After cleaning it did you open the needles back up? I believe the recommended starting place is 2 turns out on the bottom and 1.5 turns out on the side.


----------



## grav898 (Nov 22, 2012)

It doesn't have a needle in the bottom it's just a bowl screw like in the first response to this post. I'll have to try the phone wire trick. After priming for about 30seconds straight it will turn over for about half a second but that's where it stops.


----------



## grav898 (Nov 22, 2012)

Could this be part of the problem? I sprayed some carb cleaner directly into it earlier and pulled it over and at half throttle it turned over for a second or two WITHOUT a key in it. Is that supposed to happen and have i been getting false "starts" all along? Tried with the key in right after and same thing. As well I popped off the side plug and cleaned the holes out and I also cleaned the mid throttle jet. This this is boggling my mind


----------



## HCBPH (Mar 8, 2011)

*Running*

If you can pump the primer and get it to run alittle, then you have gas and spark. If it then dies, it's likely in the jets or adjustments in the carb.
I'd go through it one more time and check everything. If it still doesn't go, new carbs are available and that may be your best option. Carbs aren't that hard to rebuild but they can be a real pain at times.


----------



## grav898 (Nov 22, 2012)

So I re cleaned everything and made sure all the o-rings were changed and put together right and the throttle flapper sprung back properly however when I re installed the carb the throttle flapper won't spring back anymore and when you press the primer fuel jets out the side of the carb out a pinhole towards the chute. I am now totally baffled. Any help would be awesome. Oh and when I first undid the fuel line I didn't have the primer line on the carb fuel pissed out the primer line fitting. Once again, puzzled


----------



## jfmtnbiker (Dec 2, 2012)

Here are a few things you should check if you haven't already:

1) Be sure to clean the carburetor thoroughly. As everyone indicated, you must be sure you remove the welch plugs, because typically the passages behind the welch plugs are where the problem lies.

2) By the sounds of it, you have a fixed jet carburetor (an EPA initiated modification to the original Tecumseh Snow King with an adjustable jet). As mentioned above, be sure you verify that the passages in the jet are clean. I actually went to a craft store and purchased a small spool of floral wire. This is the perfect diameter for cleaning the passages on carburetors in general. Some people use the wire from a twist tie.

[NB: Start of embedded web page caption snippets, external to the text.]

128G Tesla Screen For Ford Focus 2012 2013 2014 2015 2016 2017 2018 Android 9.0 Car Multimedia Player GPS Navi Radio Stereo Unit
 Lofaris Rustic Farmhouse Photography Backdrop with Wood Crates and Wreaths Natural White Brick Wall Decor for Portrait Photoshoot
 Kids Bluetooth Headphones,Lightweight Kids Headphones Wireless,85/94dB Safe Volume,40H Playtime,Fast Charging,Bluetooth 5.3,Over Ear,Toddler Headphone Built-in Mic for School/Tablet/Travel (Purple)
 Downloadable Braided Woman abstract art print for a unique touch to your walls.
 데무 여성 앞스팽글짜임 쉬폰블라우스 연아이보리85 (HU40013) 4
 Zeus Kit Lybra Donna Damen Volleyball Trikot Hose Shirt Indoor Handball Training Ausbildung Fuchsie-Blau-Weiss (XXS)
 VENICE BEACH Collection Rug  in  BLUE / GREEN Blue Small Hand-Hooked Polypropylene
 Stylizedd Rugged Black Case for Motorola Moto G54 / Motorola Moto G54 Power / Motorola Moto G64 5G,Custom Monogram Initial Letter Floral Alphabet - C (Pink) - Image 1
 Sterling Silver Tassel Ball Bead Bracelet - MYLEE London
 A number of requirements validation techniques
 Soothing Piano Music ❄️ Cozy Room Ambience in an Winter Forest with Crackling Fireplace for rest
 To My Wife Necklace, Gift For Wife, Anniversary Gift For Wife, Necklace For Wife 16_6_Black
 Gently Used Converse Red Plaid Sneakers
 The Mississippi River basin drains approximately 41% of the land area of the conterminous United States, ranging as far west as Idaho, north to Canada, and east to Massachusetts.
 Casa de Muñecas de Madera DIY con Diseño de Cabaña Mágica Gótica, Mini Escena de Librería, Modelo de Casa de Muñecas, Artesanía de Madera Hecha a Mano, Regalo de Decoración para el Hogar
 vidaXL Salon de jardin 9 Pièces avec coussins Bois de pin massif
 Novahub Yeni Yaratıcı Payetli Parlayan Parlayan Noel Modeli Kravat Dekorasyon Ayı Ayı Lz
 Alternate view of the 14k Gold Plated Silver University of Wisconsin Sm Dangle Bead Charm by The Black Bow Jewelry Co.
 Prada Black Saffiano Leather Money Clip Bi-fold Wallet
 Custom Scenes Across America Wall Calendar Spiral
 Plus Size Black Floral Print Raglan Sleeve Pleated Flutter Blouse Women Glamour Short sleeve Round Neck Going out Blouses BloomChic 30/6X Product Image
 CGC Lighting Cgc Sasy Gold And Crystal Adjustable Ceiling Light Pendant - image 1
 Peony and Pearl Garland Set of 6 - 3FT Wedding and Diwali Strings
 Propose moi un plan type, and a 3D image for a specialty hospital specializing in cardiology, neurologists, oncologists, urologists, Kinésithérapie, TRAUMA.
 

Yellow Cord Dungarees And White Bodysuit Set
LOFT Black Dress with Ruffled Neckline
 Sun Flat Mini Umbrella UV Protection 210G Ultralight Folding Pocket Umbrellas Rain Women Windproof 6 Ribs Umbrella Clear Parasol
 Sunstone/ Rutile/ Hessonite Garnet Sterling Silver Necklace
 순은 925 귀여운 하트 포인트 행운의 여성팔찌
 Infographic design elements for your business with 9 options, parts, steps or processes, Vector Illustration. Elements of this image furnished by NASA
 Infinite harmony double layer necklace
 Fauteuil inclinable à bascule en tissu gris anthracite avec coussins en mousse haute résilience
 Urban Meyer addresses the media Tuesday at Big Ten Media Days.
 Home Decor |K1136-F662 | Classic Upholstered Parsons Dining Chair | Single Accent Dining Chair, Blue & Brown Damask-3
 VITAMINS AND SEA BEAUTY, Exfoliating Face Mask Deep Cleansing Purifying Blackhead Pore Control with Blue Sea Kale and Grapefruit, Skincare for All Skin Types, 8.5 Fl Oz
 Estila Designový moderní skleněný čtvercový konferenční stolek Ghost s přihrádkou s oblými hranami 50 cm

While you are cleaning, you will notice a black cap on the choke side of the carburetor. This black cap covers the idle restrictor screw. The black cap should pop off and then you can simply remove the screw to clean the passages. Keep in mind that the screw has a small passage at the tip.

3) Be sure to double-check that you have the float set correctly. In most cases, an incorrectly set float will result in the engine not running, but tecumseh carburetors always seem to defy the odds.

4) Be sure that the seat is inserted correctly (groove side down).

5) Have you replaced the gasket that connects the carburetor to the intake? This gasket usually costs about a $1.00, it can cause lots of problems.

6) As far as the key is concerned, if your machine has the red key that must be inserted to run, you can always disconnect the connect from the terminal and operate using only the throttle which will still kill the engine when positioned all the way down. 

7) Is your primer bulb mounted just above the recoil starter? If so, then it has a small hose leading to the carburetor. Keep in mind that this entire system works because of a vacuum. This means that if you do have a hole in the primer system at all this can cause problems. When you have the carb removed, simply push in the primer bulb and hold it there for a moment. Place your finger over the end of the hose. Now, let your finger off of the primer bulb. If you have no leaks, the primer bulb should stay depressed. However, if there is a leak, the primer bulb with go back to its normal position while your finger is covering the end of the hose. 

8) One thing that many people forget about is that many tecumseh gasoline tanks have a small screen glued directly above where the fuel outlet comes off the bottom of the tank. This screen can be plugged. Drain the fuel and verify that this screen is clear and also verify that the gas cap is venting properly. Older tecumseh gas caps have a cone shaped piece of metal that activates the vent. Newer models have this same piece, but it is enclosed in the plastic molding of the cap itself. It never hurts to check those little things.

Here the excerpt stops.